Climate model results are often compared to the HadCRUT4 data from the UK Met Office. While HadCRUT4 does not extrapolate temperatures over sea ice, it turns out that it is affected by the same bias, due to the progressive appearance of sea surface temperature observations in parts of the ocean which used to be ice-bound.

If we compare different approaches to calculating global mean temperatures from climate models, we see different results - Figure 4.

Figure 4: Global mean temperature calculated from an ensemble of climate models using the simplest method (red), or using the same method we use for the observations (blue), and some intermediate methods. (Note that all but the blue line are global coverage.)

The simplest way of calculating global temperature change is to use the simulated air temperature from the models over the whole planet. This method also produces the fastest warming. As we change the calculation method to better reflect how we collect the observations, the amount of warming is reduced. Climate models appear to over-predict warming in part because we are not doing a like-with-like comparison.

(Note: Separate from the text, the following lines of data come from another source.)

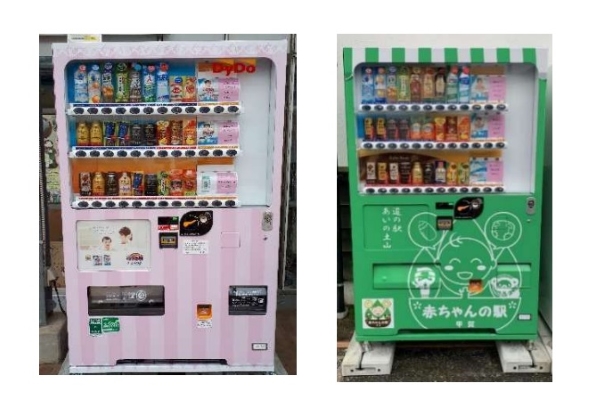 おむつ自販機500台突破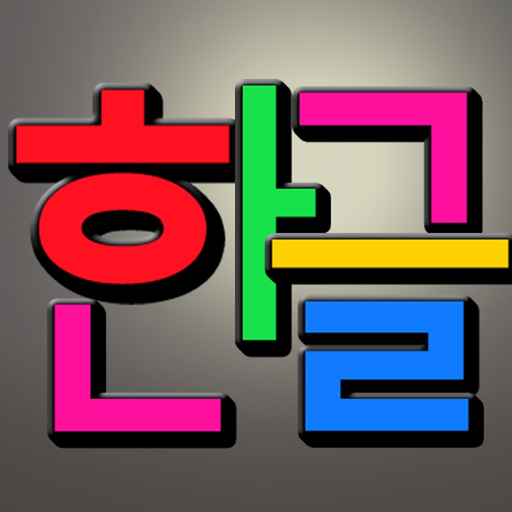 ABC Hangul Korean Magnetic Alphabet app icon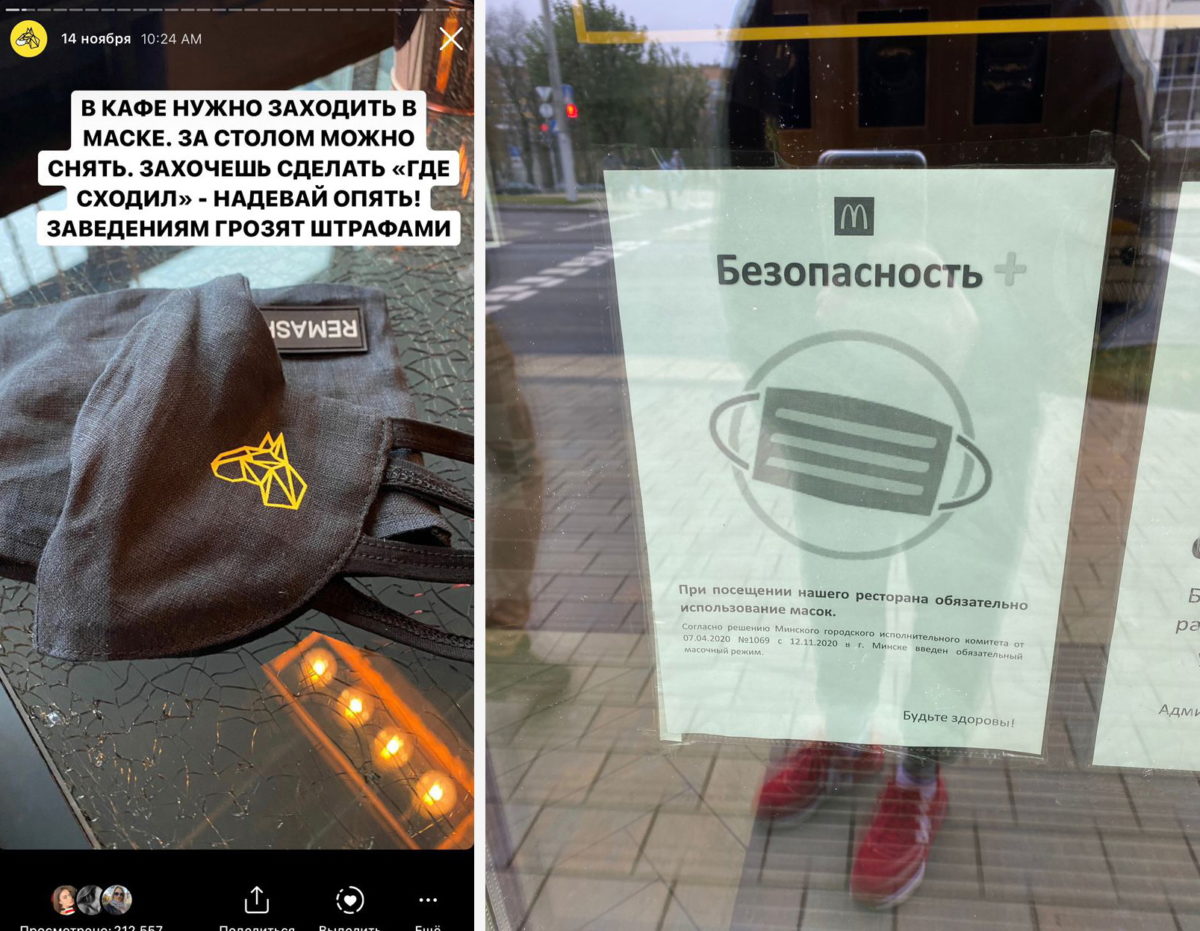 Из чего собран полукилограммовый завтрак нефтяника за 12 рублей в лаунж-баре «Нефть» - фото - 2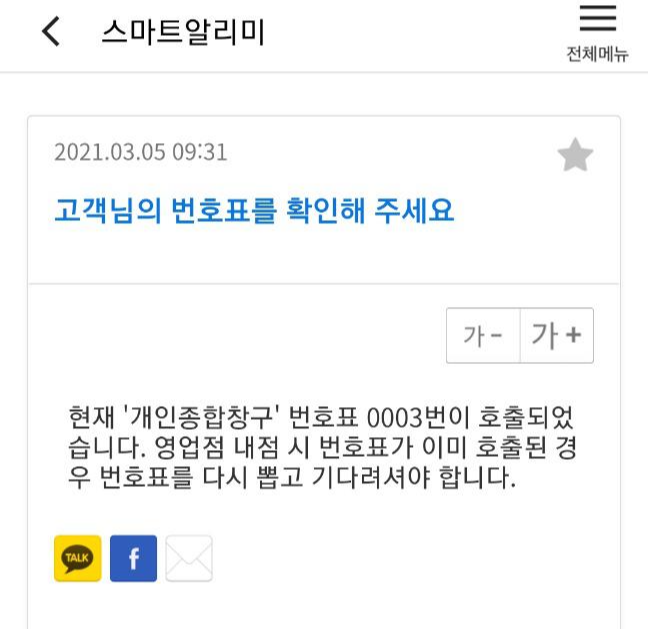  은행 모바일 번호표 발행 국민은행 모바일 번호표 발행
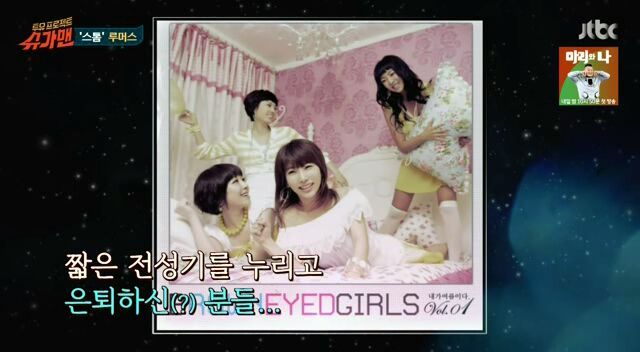 원년멤버가 그리운 브아걸 제아 | 인스티즈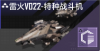 雷火V022-特种战斗机定向标.png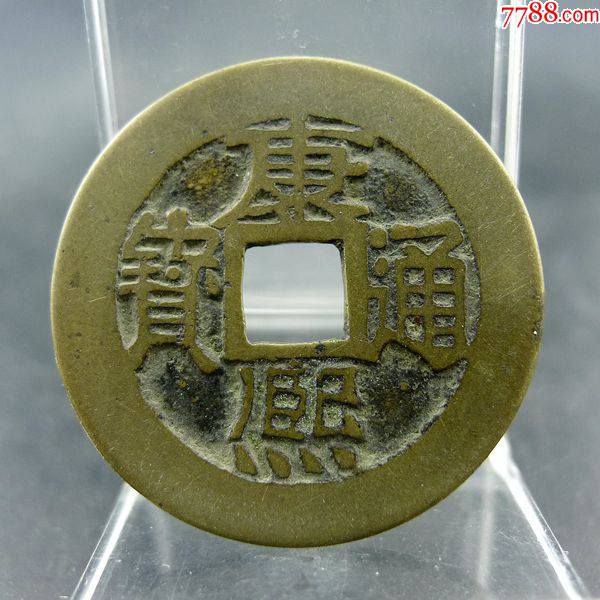 康熙通宝宝泉局异满文黄亮美品临五帝钱方孔钱麻钱保真保老古董古玩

Figure 5: Comparison of models to observations using the IPCC method and the correct method. Thin lines are annual mean temperatures, thick lines are the trends on the period since 1975. (The data in this case are not global, but restricted to where HadCRUT4 has coverage.)

A like-with-like comparison of models to observations reduces the discrepancy in trend since 1975 by at least a third. Furthermore, the discrepancy is very recent in origin: until the middle of the last decade there is no discrepancy in trend between the models and observations. This is consistent with another recent study by Marotzke and Forster.

The discrepancy is also affected by the choice of emission scenario. Our comparisons are based on simulations using the RCP8.5 scenario, which probably overestimates the expected warming over the past decade (see Schmidt et. al.).

"Recent studies suggest that the so-called 'hiatus' in warming is in part due to challenges in assembling the data. I think that the divergence between models and observations may turn out to be equally fragile."

Kevin Cowtan